- 6 -

Trigger Warning: mentions of cutting, suicide and blood

Additional Warning: Language

ANXIETY || VIRGIL

The headache was the worst. Easily. It hurt like absolute hell.

Yes, there was also the stinging pain in my arms, horizontal lines lining my arm like the unattached bars of a ladder. I titled my arm towards my a bit, using my crimson blood to connect them. Now it was a blood ladder, there for me to climb when I feel like dying.

Which is everyday, if I'm completely honest, but I'll be fine, as long as the ladder gets longer and longer, climbing higher and higher into the sky. If I pushed through enough pain to climb as high as I could go, I could fall without any worries.

If only suicide were that simple.

No matter how high I'd climb, I'd be worried about it, heights scare me enough. I could climb to the stratosphere and there would always be that nagging feeling that maybe, just maybe I would live through it. That cursed fear of hitting the ground and having all that pain ripple through me, time slowing down for a few minutes so I could feel every one of my bones crack underneath my skin, their broken pieces piercing my organs.

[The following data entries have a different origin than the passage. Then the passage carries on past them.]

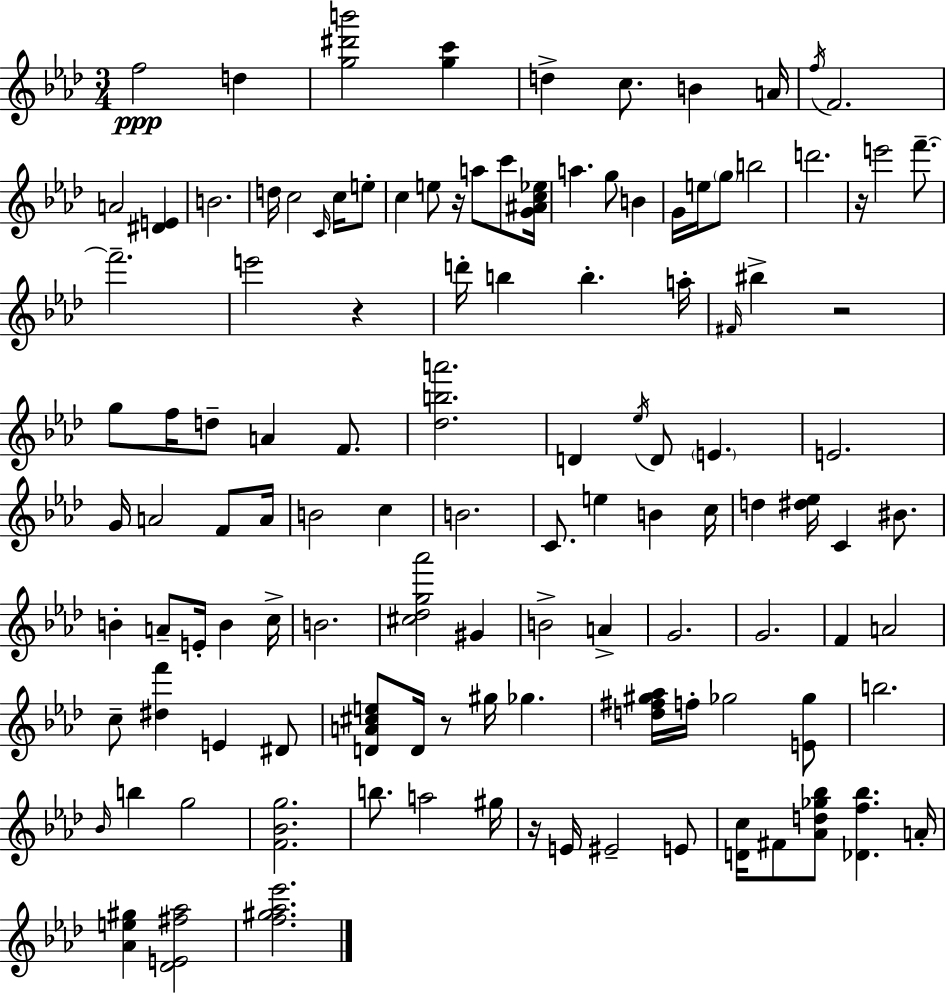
X:1
T:Untitled
M:3/4
L:1/4
K:Fm
f2 d [g^d'b']2 [gc'] d c/2 B A/4 f/4 F2 A2 [^DE] B2 d/4 c2 C/4 c/4 e/2 c e/2 z/4 a/2 c'/2 [G^Ac_e]/4 a g/2 B G/4 e/4 g/2 b2 d'2 z/4 e'2 f'/2 f'2 e'2 z d'/4 b b a/4 ^F/4 ^b z2 g/2 f/4 d/2 A F/2 [_dba']2 D _e/4 D/2 E E2 G/4 A2 F/2 A/4 B2 c B2 C/2 e B c/4 d [^d_e]/4 C ^B/2 B A/2 E/4 B c/4 B2 [^c_dg_a']2 ^G B2 A G2 G2 F A2 c/2 [^df'] E ^D/2 [DA^ce]/2 D/4 z/2 ^g/4 _g [d^f^g_a]/4 f/4 _g2 [E_g]/2 b2 _B/4 b g2 [F_Bg]2 b/2 a2 ^g/4 z/4 E/4 ^E2 E/2 [Dc]/4 ^F/2 [_Ad_g_b]/2 [_Df_b] A/4 [_Ae^g] [_DE^f_a]2 [f^g_a_e']2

I don't want to live through that pain, which is hypocritical if you consider the ladder on my arm.

So maybe if my ladder reaches high enough, I'll stay here on the ground, waiting for it crush me. That's the kind of pain I'd live through, just some major brain trauma, possibly a broken skull, that's livable.

Isn't that such a sick and twisted thought to have?

To be willing to get crushed by a giant ladder, having it crush your skull almost on impact rather than jump off a stratosphere high ladder? Come on, how fucked up do you have to be to think of something like that?

Back to my headache and its devilish way of torturing me, the way it pounded against my forehead from the inside. I could've swore it shook my whole body.

The ceiling above me looked like ocean waves, somehow I had become the sky, reflecting its brilliant color because of the moon.

After my few, precious moments of peace, the water began to darken, churning with anger as I still stared up at it, waiting for it to drop and drown me within seconds. I waited, ready for death to come my way.

Would it be considered suicide if the ocean fell on top of you?

Sorry, that was a stupid question. I know, I know. Oceans don't fall, you do. Oceans don't fall into people, people fall into oceans. Purposefully, not accidentally,

Normal people don't drown themselves in an ocean, because then they're depressed, crazy, insane, not right in the head.

And as I've been told time and time again, I'm not normal, I'm some depressed, emo, villain, because I take things that used to be happy and fun and I twist them into things that would just make you sick.

I make people think they deserve pain, suffering, eternal damnation or whatever the hell it is because I'm a bad guy.

Bad guys do bad things. That's just a fact.

---

Ever wonder what it would be like to bleed out? I'm sure everyone has, even those that are innocent and pure, I'm sure the thought of death has tainted their mind at least once.

Just think about it, blood pouring out of your body, creating a red river as it cascades down your skin, onto the ground, dripping from your cut.

Bleeding out doesn't hurt, it's cutting that does. But, if you really think about it, what's a few seconds of pain compared to a peaceful death?

If you're brave enough to press a sharp object against your skin and drag it across as hard as you can, then you can bear the pain. It's painful peak is only when it first tears the skin, after that it just stings, but eventually the stinging leaves. That's when peace becomes moments away.

It doesn't hurt to have blood drip out of you, you just think it does because of how much it hurt when you got cut. But it doesn't hurt. It doesn't.

Hanging yourself hurts, it hurts like a bitch, it really does. Because there's the sudden pain that comes when you walk off the chair, then there's the collapsing lungs, the gasping breath, your throats tightening with each painful second. Then it's over.

Sorry.

Sometimes, I just think it must be nice to die.